Aan Davis, een van de onderdelen van de Universiteit van California, doet Diane Amann de laatste jaren veel rechtsvergelijkend onderzoek. Haar hoop is dat meer kennis van buitenlandse rechtssystemen en van het zich snel ontwikkelende internationale recht zal bijdragen aan 'rechtvaardiger' wetgeving in de Verenigde Staten. Vervaele: "In uitspraken van Europese rechters wordt regelmatig verwezen naar het internationale recht. In de VS gebeurt dat nog weinig en het streven van Amann en gelijkgezinde collega's van haar is om daarin door middel van fundamenteel onderzoek verandering te brengen."

Hoewel die verandering er onder George Bush waarschijnlijk niet snel zal komen, waarschuwt Vervaele voor onnodig pessimisme. "Op de praktijk hebben publicaties als die van Diane Amann misschien nog niet al te veel invloed gehad, maar je ziet in Amerika inmiddels wel een duidelijke kentering in het denken. En in tal van gerechtshoven is men zich de laatste tijd ook al veel kritischer tegenover schendingen van de mensenrechten gaan opstellen dan een paar jaar geleden.

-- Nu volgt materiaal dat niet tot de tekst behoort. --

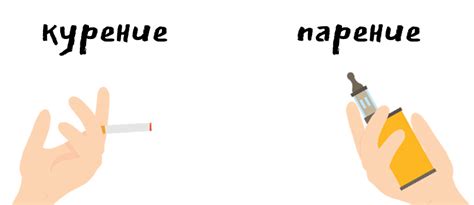 Законодательство и ограничения по вейпингу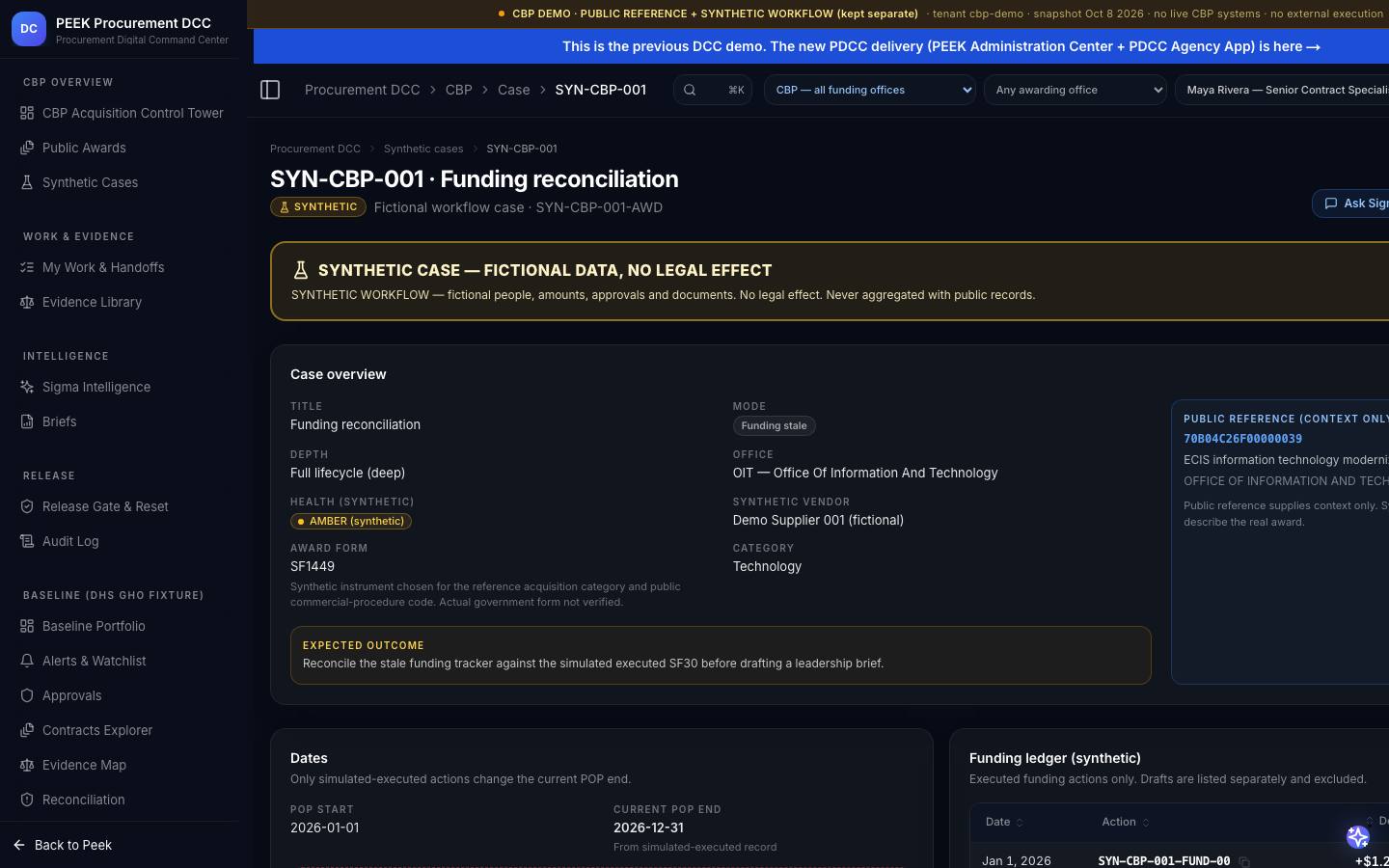 Synthetic case detail — /dashboard/dcc/cbp/case/SYN-CBP-001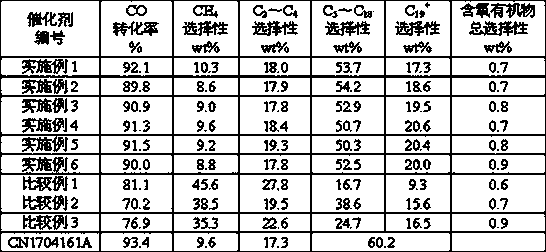 Micro spherical Fischer-Tropsch synthesis catalyst and preparation method thereof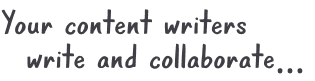 Your content writers write and collaborate…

"Amann is niet iemand om zelf op de barricaden te gaan staan, maar haar artikelen vormen een belangrijke steun in de rug voor de voorvechters van een meer humane wetgeving. Ook in het Utrechtse onderzoek nemen mensenrechten een voorname plaats in, wat onder meer blijkt uit de aanwijzing van Mensenrechten en Conflictstudies als een van de vijftien universitaire focusgebieden. Onze motivatie om juist haar voor te dragen voor een eredoctoraat, is dan ook niet alleen dat zij een zeer vooraanstaande wetenschapper is. Het is vooral dat zij haar wetenschappelijk werk nadrukkelijk koppelt aan een groot engagement voor een wereldwijde standaard van rechtvaardigheid en dat zij dat met brio doet aan één van onze strategische partners, de Universiteit van California."